Rinunce e transazioni (art. 2113 c.c.) e vizi del consenso

L’art. 2113 del codice civile prevede una disciplina speciale in materia di invalidità degli atti del lavoratore dispositivi di diritti derivanti da norme inderogabili quali, a titolo meramente esemplificativo, quelli aventi ad oggetto il diritto alle ferie o al riposo settimanale.
In base al predetto articolo, infatti, “le rinunce e le transazioni, che hanno per oggetto diritti del prestatore di lavoro derivanti da disposizioni inderogabili della legge e dei contratti o accordi collettivi non sono valide. L’impugnazione deve essere proposta, a pena di decadenza, entro sei mesi dalla data di cessazione del rapporto o dalla data della rinuncia o della transazione, se queste sono intervenute dopo la medesima. Le rinunce e le transazioni possono essere impugnate con qualsiasi atto scritto, anche stragiudiziale, del lavoratore idoneo a renderne nota la volontà”.

La giurisprudenza unanime ritiene che l’invalidità sancita dall’articolo 2113 del codice civile sia un’annullabilità (Cass. 26.5.2006, n. 12561; Cass. 14.12.2006, n. 11181; Cass. 23.4.2003), ossia la stessa conseguenza derivante da un vizio del consenso.
L’orientamento dominante in giurisprudenza ed in dottrina ritiene che “l’azione di annullabilità prevista dall’art. 2113 c.c. non è un rimedio esclusivo, ma si aggiunge alle normali azioni di nullità e annullabilità dei contratti” (Cass. 1.6.1983, n. 3758), e che “non sostituisce né preclude al lavoratore di esercitare i normali mezzi di impugnazione dei contratti previsti dal diritto comune” (Cass. 13.1.1983, n. 228).
Sicché, nel caso delle transazioni del lavoratore viziate da errore di fatto, ferma restando l’impugnabilità stragiudiziale ex art. 2113 c.c., nulla esclude che si possa promuovere, entro il termine quinquennale di prescrizione, l’azione di annullamento per vizi del consenso, dimostrando all’uopo che sussistono i requisiti di essenzialità e riconoscibilità del vizio di cui si è detto.
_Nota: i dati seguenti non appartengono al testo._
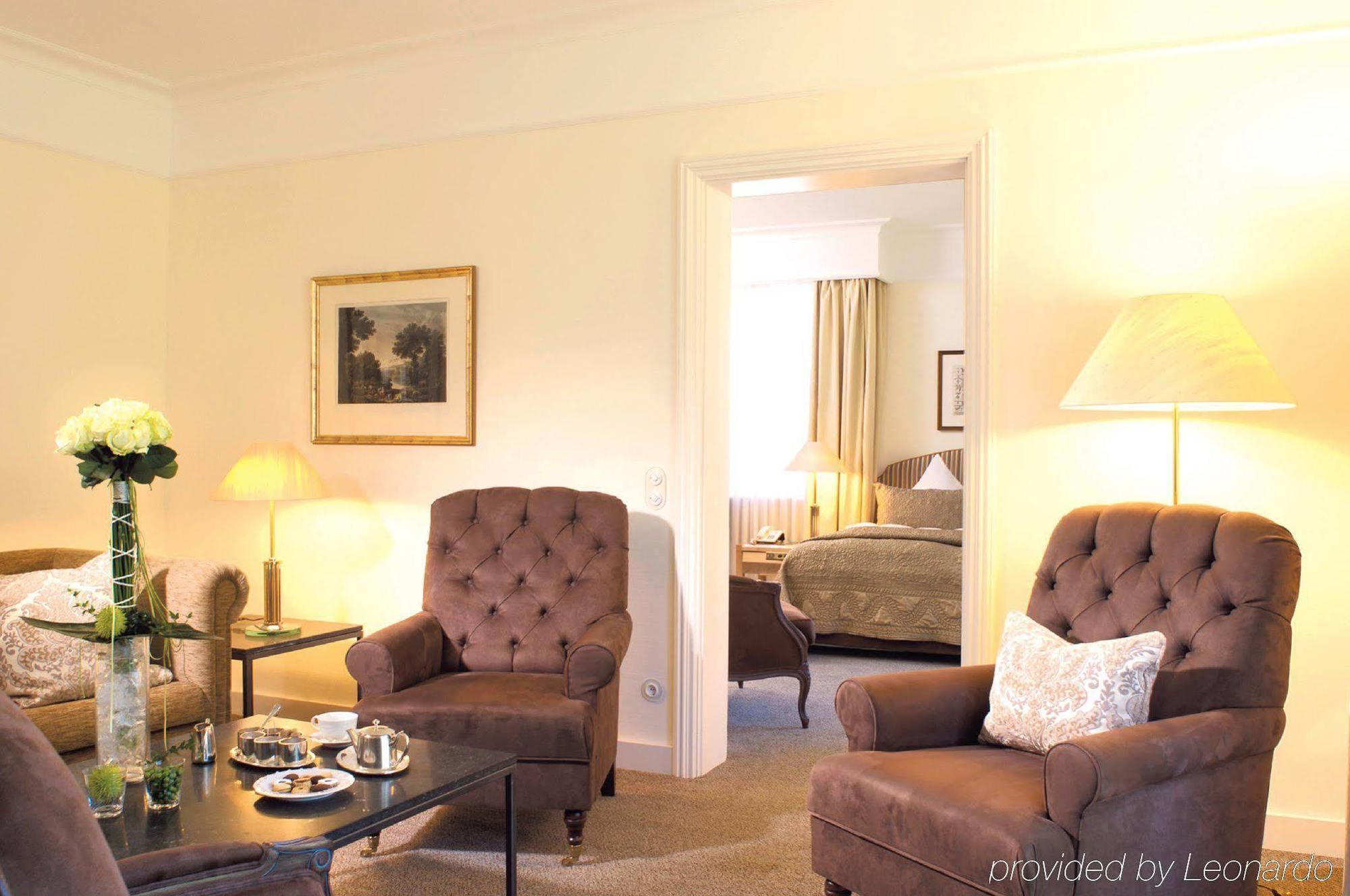 Schlosshotel Buehlerhoehe Schonbuch Room photo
Parimenti, qualora l’atto di transazione dipenda da una minaccia o sia la conseguenza di un comportamento doloso altrui, è possibile ricorrere ai rimedi di diritto comune in materia di vizi del consenso.
Peraltro, non va neppure trascurato che alla medesima azione di nullità per vizi del consenso può ricorrere anche il datore di lavoro: la giurisprudenza, infatti, ha precisato che “accordi particolarmente vantaggiosi per il prestatore ben potrebbero essere impugnati dal contraente datore di lavoro, qualora si dimostri che gli stessi siano stati conclusi per effetto di una falsa rappresentazione della realtà ovvero a seguito di situazioni dolose determinate dalla condotta dello stesso dipendente” (Cass. 14 ottobre 2004, n. 22169).